The main point is that this work describes making holey graphyne through a Castro-Stephens coupling of 1,3,5-tribromo-2,4,6-triethynylbenzene in a two-solvent system, then uses DFT to predict a stable 6/8-ring network with 50% sp/sp2 carbons, a direct ~1 eV gap, and decent room-temperature mobilities as a p-type material. That combination of structure and claimed properties is not in the earlier literature they cite, so the specific allotrope is new on paper. The DFT section follows standard methods for carbon networks and gives a clear picture of why the gap is direct and how the bonding pattern affects it. The experimental claim is that they measured vibrational, optical, and electrical properties, which in principle adds value beyond pure theory. The soft spot is exactly the one in the stress-test note: nothing in the abstract or the described results shows NMR, IR, XRD, or STM data that would confirm the isolated product has the proposed connectivity rather than linear chains, defects, or a different allotrope. The band gap and mobility numbers are stated without error bars, raw spectra, or direct comparison to the DFT output, so the model-to-material link stays untested. If the full manuscript has those spectra and they line up, the work becomes more useful; as presented, the central experimental claim rests on an unverified assumption. This is aimed at groups working on 2D carbon allotropes and possible device applications. A reader already deep in the area might pull the DFT numbers for comparison, but the synthesis part needs the missing data before it can be built on. I would not send it to peer review until the characterization is added and the structure assignment is shown explicitly.

Referee Report

3 major / 2 minor

Summary. The manuscript reports the synthesis of a new 2D carbon allotrope, holey graphyne (HGY), via Castro-Stephens coupling of 1,3,5-tribromo-2,4,6-triethynylbenzene in an interfacial two-solvent system. The proposed structure consists of alternating benzene rings and C≡C links forming six- and eight-vertex rings with a 50% sp/sp2 carbon ratio. DFT calculations are used to confirm stability, while vibrational, optical, and electrical properties are investigated both theoretically and experimentally.

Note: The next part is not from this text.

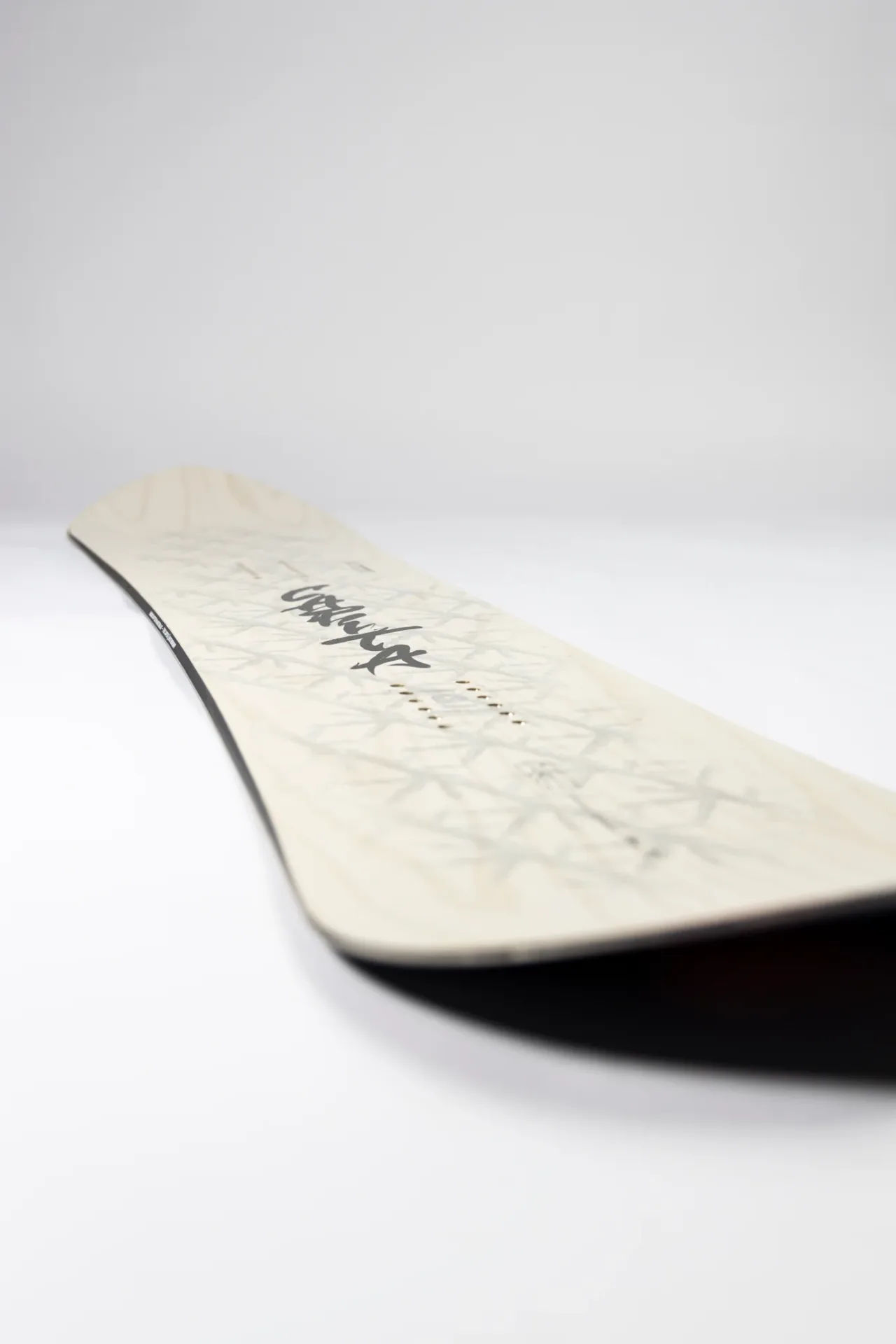 Kazu Kokubo Pro Snowboard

The central claim is that HGY is a p-type semiconductor with a natural direct band gap of ~1.0 eV and high hole and electron mobilities at room temperature, with potential applications in carbon-based semiconductor devices.

Significance. If the synthesized material precisely matches the proposed HGY atomic structure and the reported electronic properties are experimentally verified, the work would add a new direct-gap 2D carbon allotrope to the family of graphynes and graphdiynes, potentially enabling high-mobility p-type devices. The combination of a bottom-up synthesis route with DFT property predictions is a standard approach in the field, but the significance is limited by the absence of any experimental band-gap or mobility data for direct comparison to the model.

major comments (3)

[Synthesis section] Synthesis and characterization sections: the manuscript states that HGY is formed by Castro-Stephens coupling but supplies no NMR, IR, mass spectrometry, XRD, or STM data to confirm that the isolated product is the proposed 6/8-ring network with exactly 50% sp/sp2 bonding and alternating benzene-C≡C connectivity. Without such evidence, alternative products (linear polymers, defective networks, or other allotropes) cannot be ruled out, directly undermining the mapping from synthesis to the claimed electronic structure.
[Electronic properties section] Electronic properties section: the abstract and main text claim a direct band gap of ~1.0 eV together with high room-temperature hole and electron mobilities, yet no experimental spectra (e.g., UV-vis, ARPES), mobility values, error bars, or DFT computational details (functional, basis set, k-point mesh, supercell size) are provided. The central semiconductor claim therefore rests on an unverified DFT model whose accuracy relative to any measured data cannot be assessed.
[DFT calculations section] Stability and property calculations: while DFT is invoked to confirm stability and to compute vibrational/optical/electric properties, the manuscript does not report the specific methodology or convergence tests, making it impossible to evaluate whether the reported ~1.0 eV gap and mobility ordering are robust or sensitive to the chosen parameters.

minor comments (2)

[Abstract] The abstract refers to both 'theoretically and experimentally' investigated properties but the experimental band-gap and mobility results are not quantified or compared to the DFT values; adding a direct side-by-side table would improve clarity.
[Introduction] Notation for the sp/sp2 ratio and ring sizes should be defined explicitly on first use rather than assumed from the structure description.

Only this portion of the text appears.